#### EXERCISE DETAILS
Retype exactly the lines from the one containing "Vintage Singer Dated" through the last line of the records below, including both, and leave out any pictures.

#### DATASET CONTENT
* * * * * * * * *

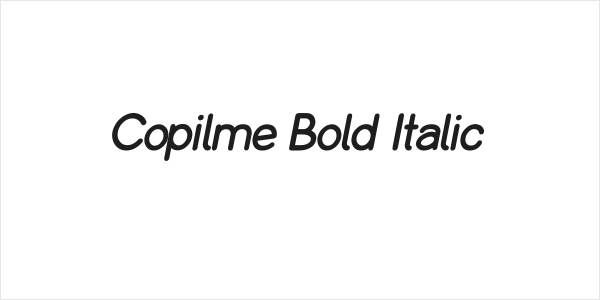 Copilme Bold Italic Logo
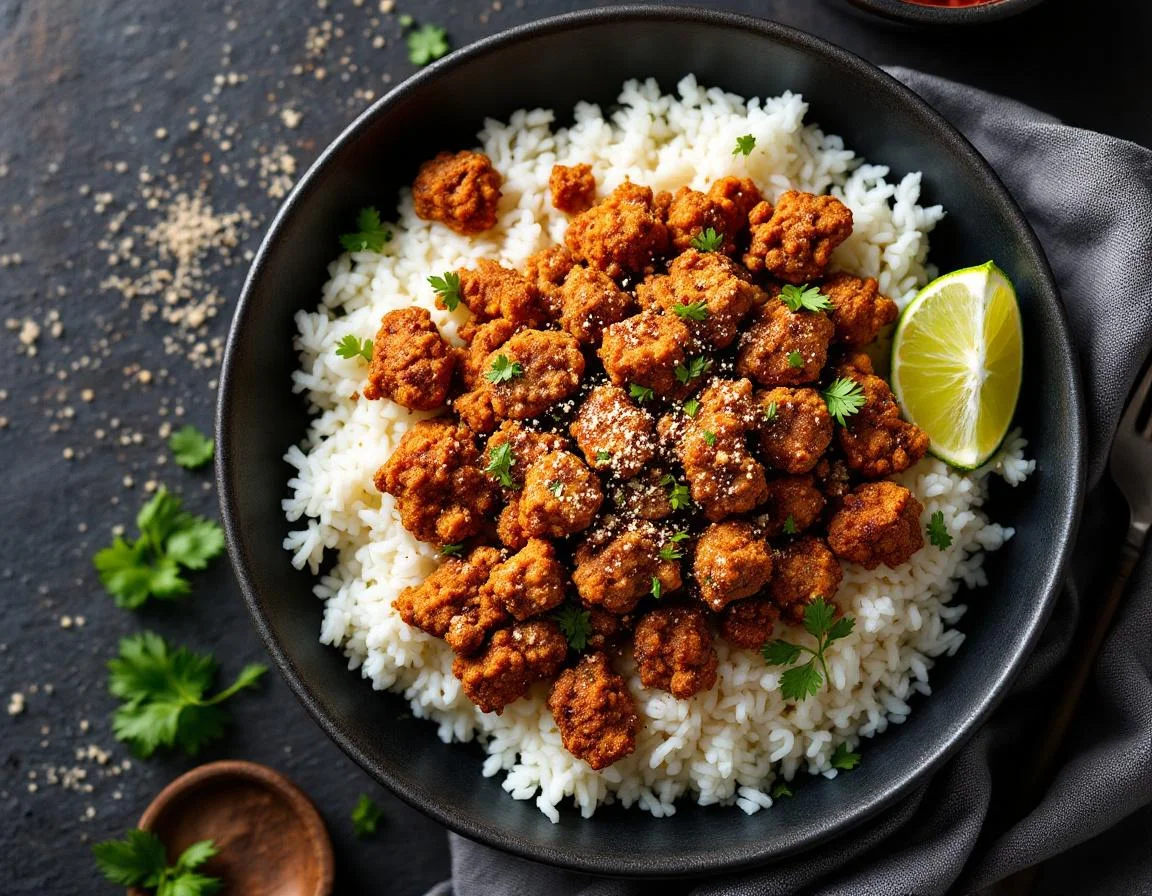 Skillet Ground Turkey 93/7 with White Rice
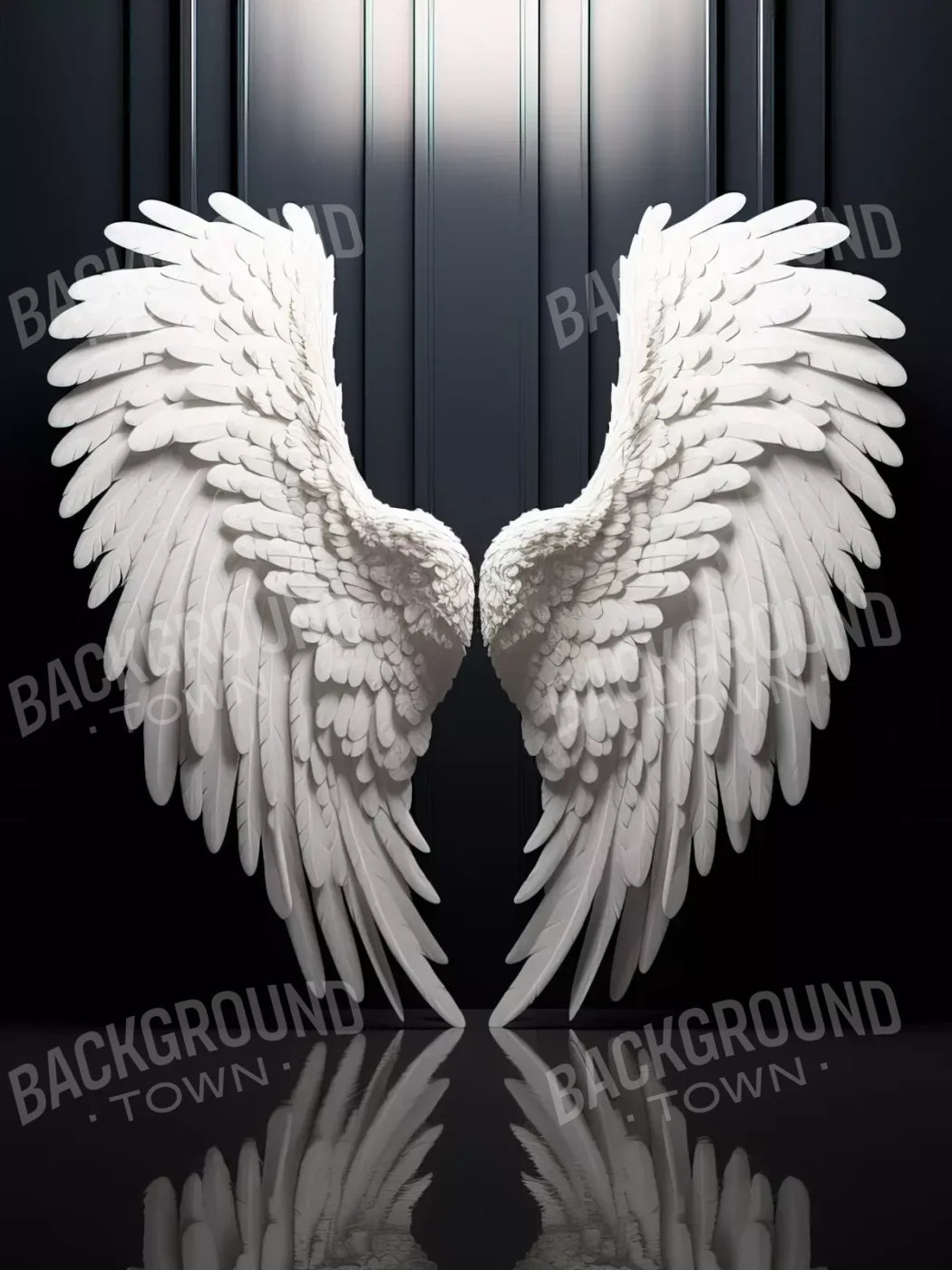 Angel Wings 5X68 Fleece ( 60 X 80 Inch ) Backdrop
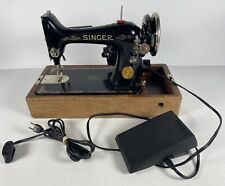 Vintage Singer Dated 1937 Featherweight Sewing Machine with Foot Pedal picture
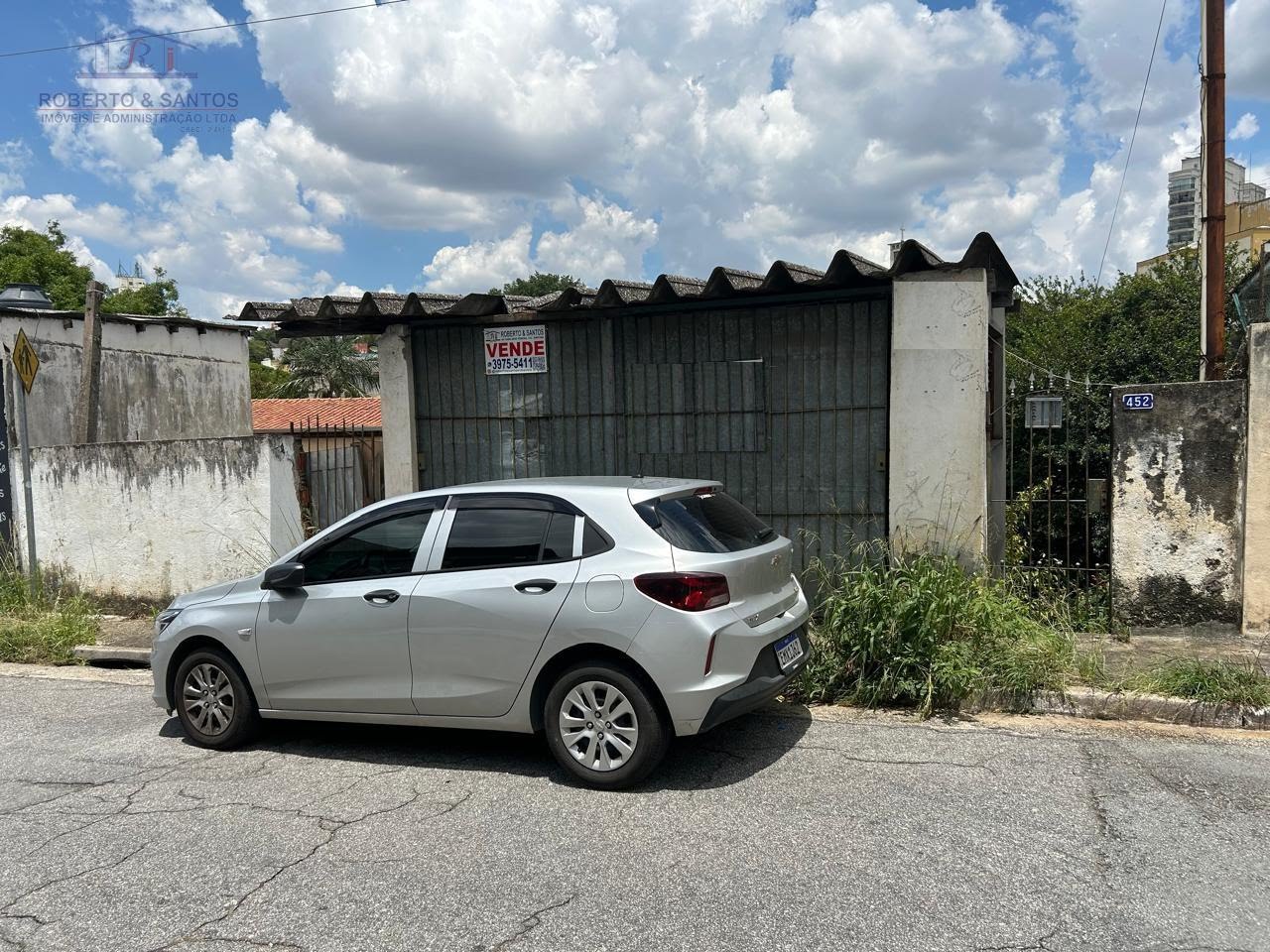 Frente do terreno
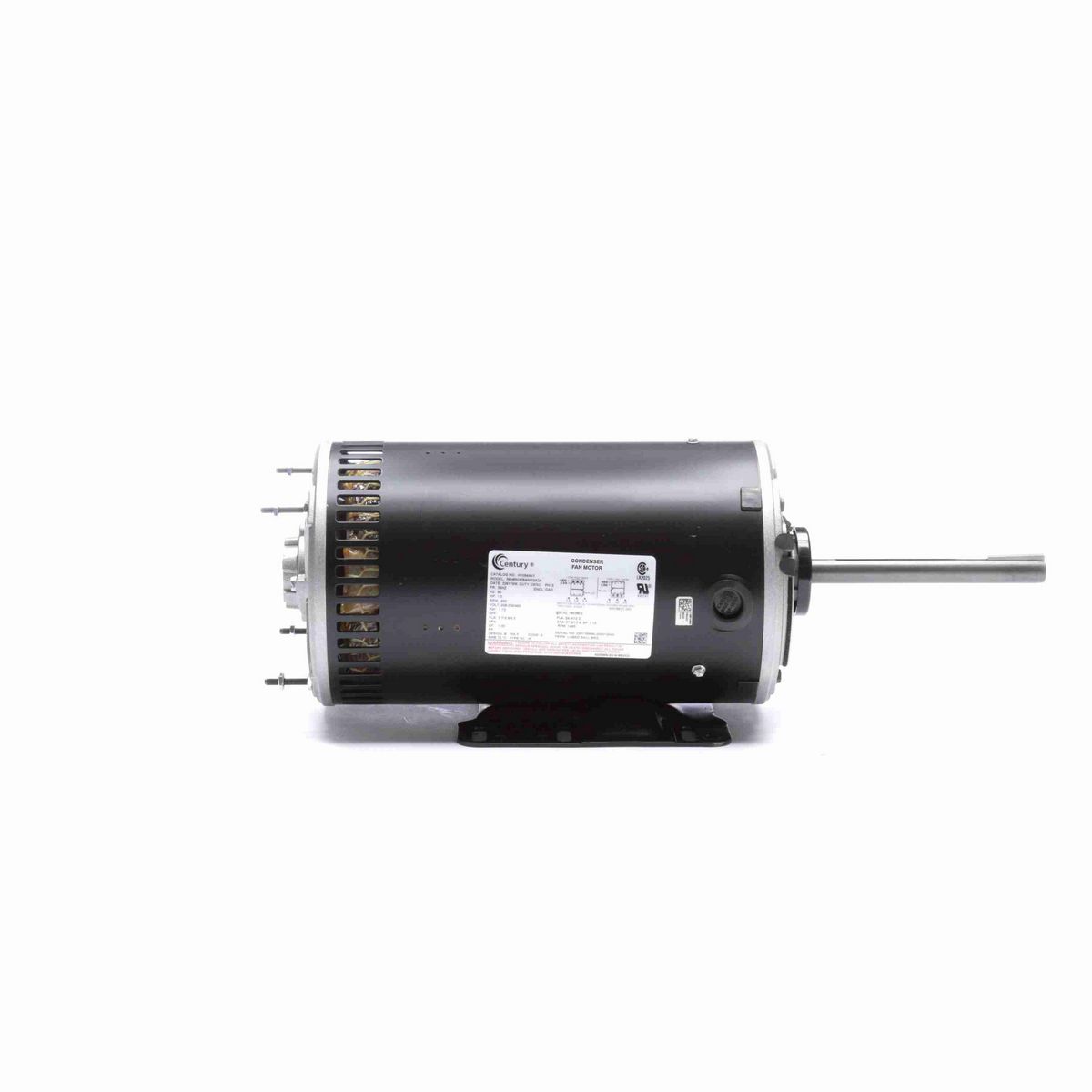 Century JuggerNaut® Condenser Fan Motor, 1.5&1 HP, 3 Ph, 60/50 Hz, 230/460&190/380 V, 900 RPM, 56HZ Frame, OPAO - H1054AV1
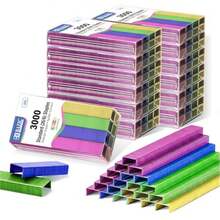 Standard Staples, 26/6, Metallic Colors, 3000 Ct, 72-Case Refill Standard Staplers - A - View 1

* * * * * * * * *

#### TASK RESPONSE
 Vintage Singer Dated 1937 Featherweight Sewing Machine with Foot Pedal picture
 Frente do terreno
 Century JuggerNaut® Condenser Fan Motor, 1.5&1 HP, 3 Ph, 60/50 Hz, 230/460&190/380 V, 900 RPM, 56HZ Frame, OPAO - H1054AV1
 Standard Staples, 26/6, Metallic Colors, 3000 Ct, 72-Case Refill Standard Staplers - A - View 1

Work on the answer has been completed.